Hay una grabación del recital que dio en Ferro, en diciembre del ’82, donde cierra tocando Inconsciente colectivo. La dictadura estaba en retirada y se notaba. Es una noche calurosa y feliz. Antes de irse del escenario, mira al público y se despide diciendo: “buenas noches, duerman tranquilos”. Debió haber sido un momento muy especial.
Todos necesitamos, después de haber sobrevivido a momentos difíciles, que nos digan eso. Charly, con su música, nos lo dice, no nos deja solos.
3 de septiembre de 2020
Esa fecha –mi cumpleaños- encabeza la dedicatoria que me escribió Ro en el ejemplar de La belleza del marido de Anne Carson que tengo en mi biblioteca. Cada tanto vuelvo a leerlo. Hace unos días lo estaba revisando sin prestar mucha atención y me encontré con un fragmento subrayado que me estremeció. Lo había olvidado. Lo transcribo:
Te gustaría ver de nuevo esa película brasilera me perdí en
algunas partes
¿Esa sobre los torturadores?
Se llamaban a sí mismos generales.
No me interesa.
Es complicada tal vez te guste. En una escena están torturando a
un tipo
y hablan de películas mientras lo hacen películas que les gustan
y por qué y uno de ellos dice sabés
para mí una buena película es en la que el enemigo dice algo que
tiene sentido.
Entonces me da miedo.
Entonces no sé qué puede pasar después
y siguen torturando al tipo.
En la dedicatoria, Ro escribió: “por la potencia, el juego, la poesía, por el refugio y la insistencia, por la sensibilidad y la aventura, la resistencia cuando todo parece derrumbarse”. En esa enumeración hay un conjuro frente al horror. Vuelvo a leerla. Una vez más.
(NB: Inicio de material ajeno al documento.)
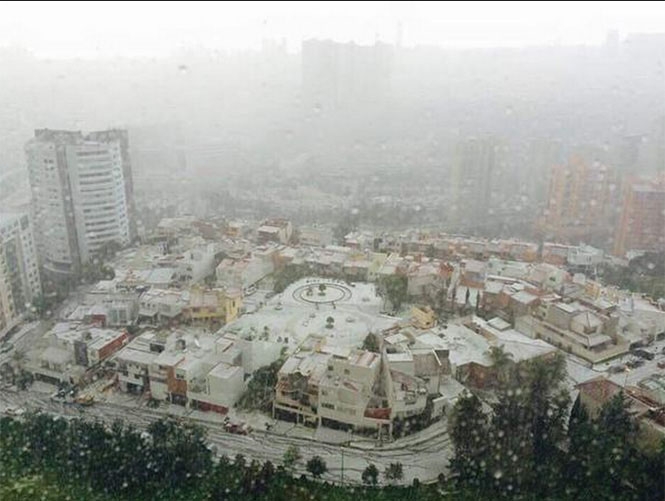 FOTOS: Granizada derriba techo de centro comercial en Interlomas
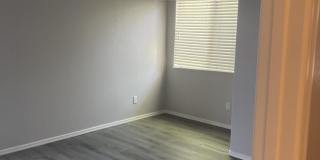 Portales Gallery 11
3 de agosto de 2023, mediodía
Milena P comparte en Instagram un fragmento de un artículo de Cynthia Szewach en el que la autora relata lo siguiente:
Natalia Ginzburg recomienda a su amigo Federico Fellini (abrumado y ensombrecido) que consulte con su psicoanalista, quien la había ayudado a salir de un pozo de pérdidas dolorosas después de la guerra. Le escribe: “Yo llegaba al consultorio y me esperaba un vaso de agua y una rodaja de limón en una bandejita junto al diván, sentía la brisa que entraba por la ventana (…) y escuchaba la voz (…) sólo puedo decirte que son las pequeñas cosas como esas las que nos salvan”
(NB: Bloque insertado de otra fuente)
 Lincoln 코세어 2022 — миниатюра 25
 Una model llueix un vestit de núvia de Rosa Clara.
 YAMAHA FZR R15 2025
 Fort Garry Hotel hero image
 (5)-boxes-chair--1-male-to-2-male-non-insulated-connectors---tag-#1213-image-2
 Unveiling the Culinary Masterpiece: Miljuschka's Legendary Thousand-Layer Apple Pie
El otro día en análisis recordé esa escena, esas palabras. Tienen una vigencia que me resulta evidente, cristalina. Confieso que nunca me resultó demasiado atractiva la idea –el fantasma, diría, si respondo a cierto reflejo lacaniano- de la salvación. Pero en la cita de Ginzburg descubro algo con lo que coincido íntimamente. En esos momentos, en esas fechas y lugares, en esos encuentros en los que algo cobra sentido en medio del sinsentido, la salvación acontece como un respiro compartido en medio de lo asfixiante del mundo.
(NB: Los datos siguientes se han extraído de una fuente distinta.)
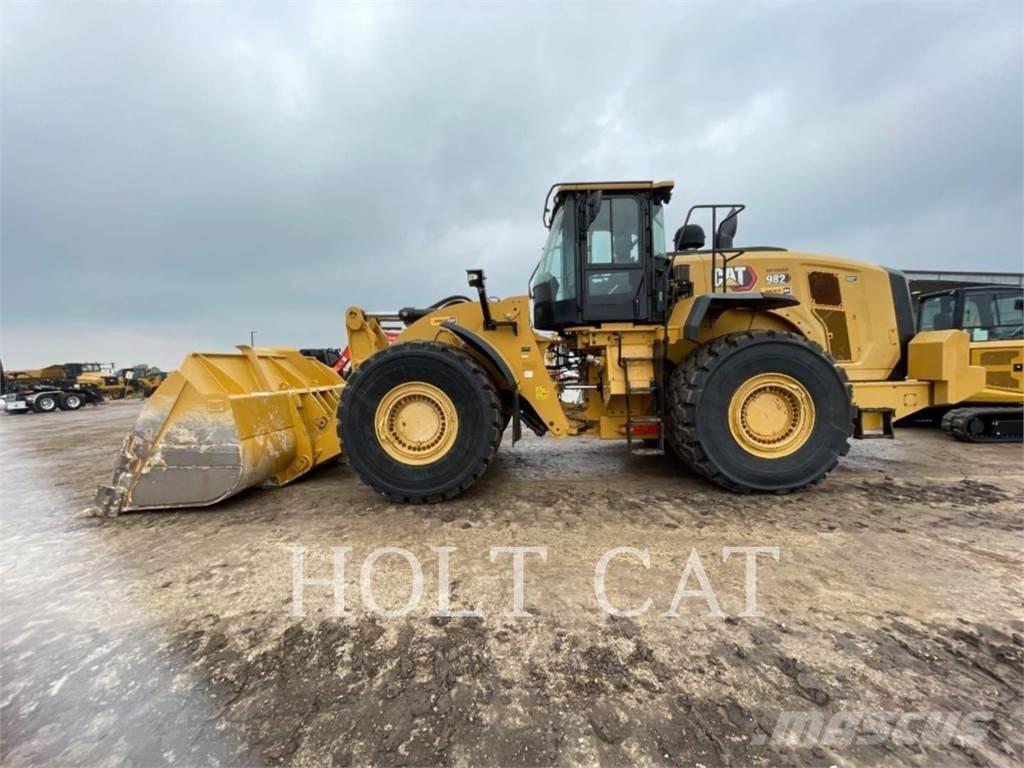 CAT 982 Gumikerekes homlokrakodók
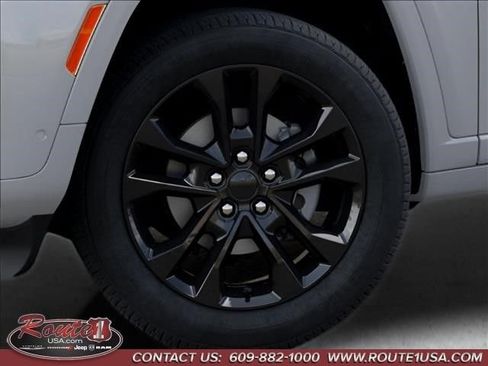 New 2026 Jeep Grand Cherokee Limited Reserve image 8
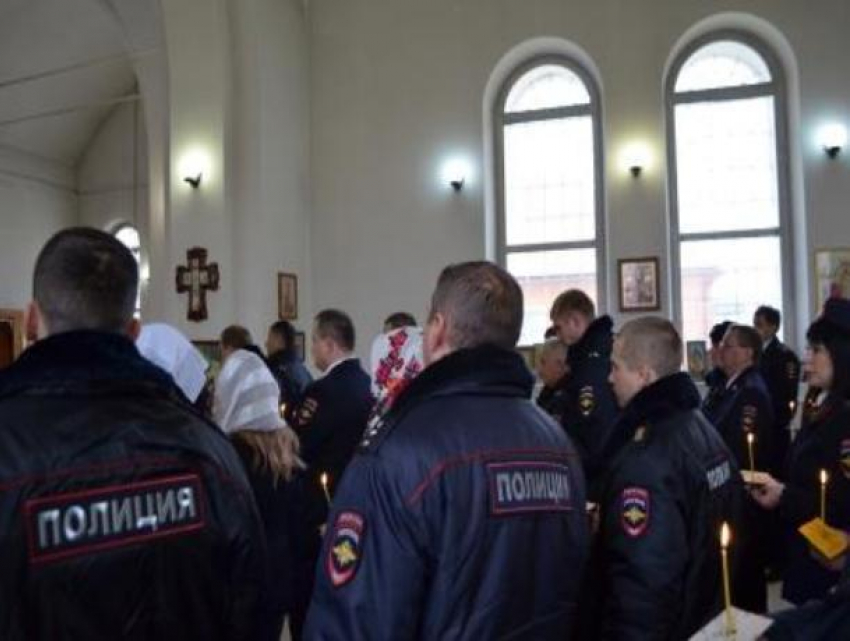 Сотрудники полиции Морозовска приняли участие в заупокойной службе по погибшим коллегам
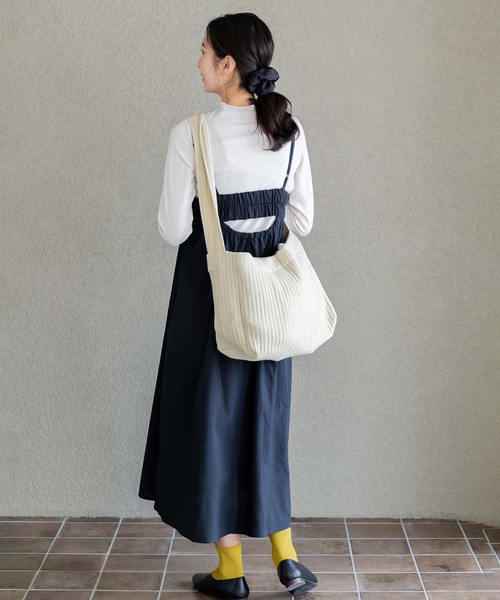 フェリシモMama（フェリシモママ）の「Ｍｏｒｅｄｄｅ　軽くて大容量　手ざわりが心地いいキルティングマザーズトートバッグ（マザーズバッグ・レディース・ライトベージュ/グレー系その他・ONE SIZE）」の15枚目の写真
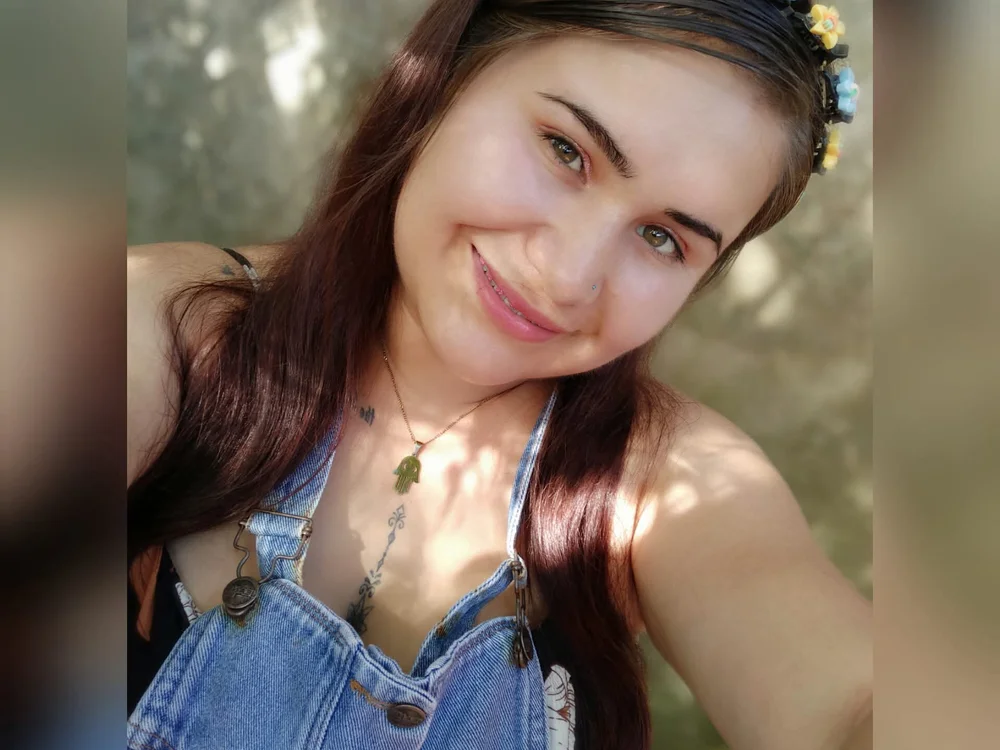 jadehott's Offline Chat Room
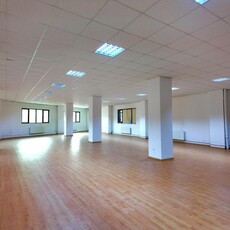 Spatiu Comercial / Birouri De 500 M2 – Open Space De inchiriat La Parter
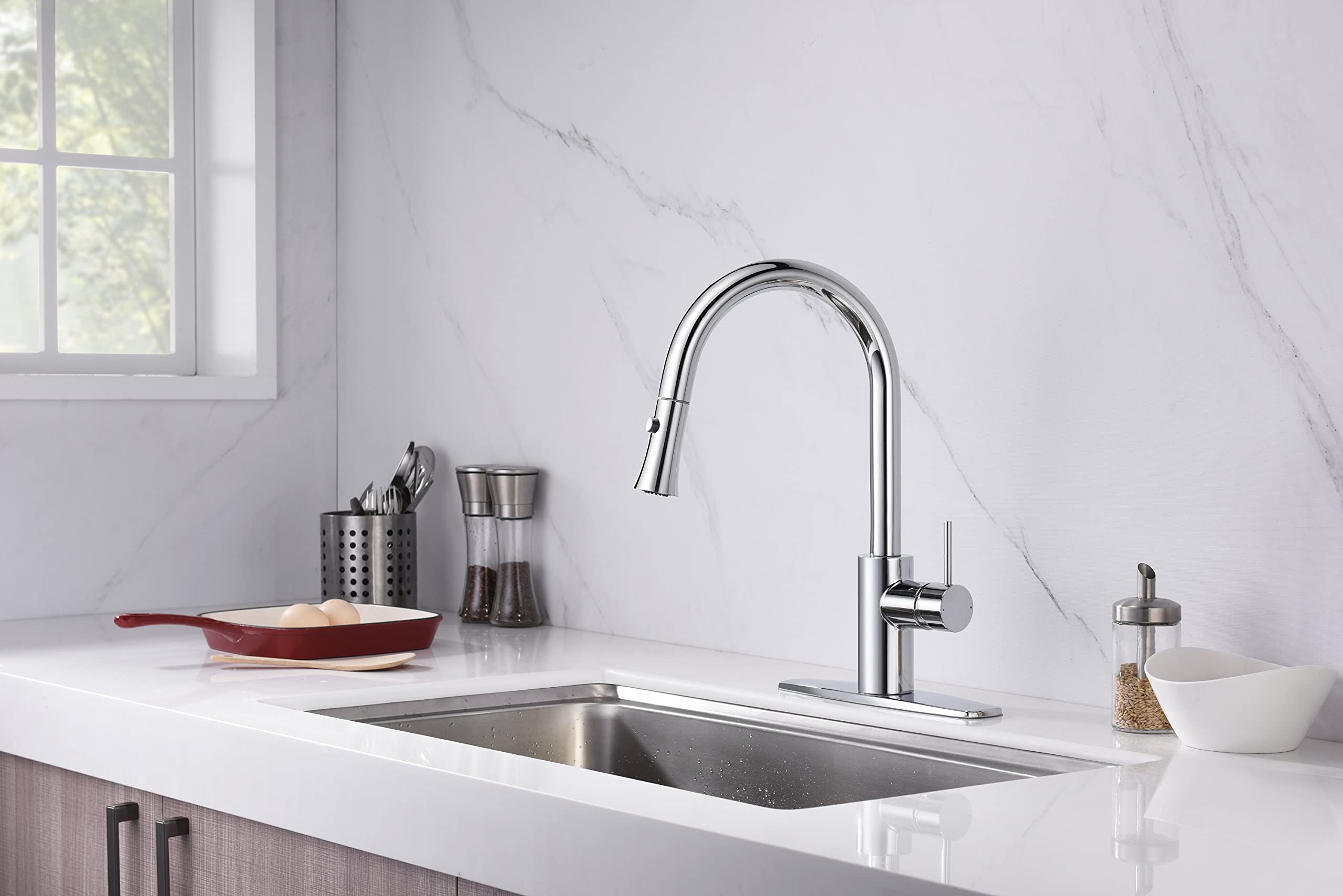 Ultra Faucets UF1420x Euro Collection Single-Handle Kitchen Faucet,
Hace unas semanas, en una clase de francés con Milena R –quien, además de ser profesora de francés, escribe, actúa, reseña películas, da talleres y todo lo hace impecablemente bien-, quería usar una palabra francesa que significara algo que no lograba precisar. No te preocupes –me dijo ella, notando mi ansiedad- ya vamos a encontrar la palabra que queremos. Esa frase tuvo para mí una resonancia que siguió más allá de la clase, y que ahora, mientras termino de escribir este texto, empiezo a entender. De eso se trata, de salir a buscar con otros, que nunca son cualquiera, la palabra que queremos. Un poco de brisa, un vaso de agua, una rodaja de limón. Sólo puedo decirte que son las pequeñas cosas como esas las que nos salvan.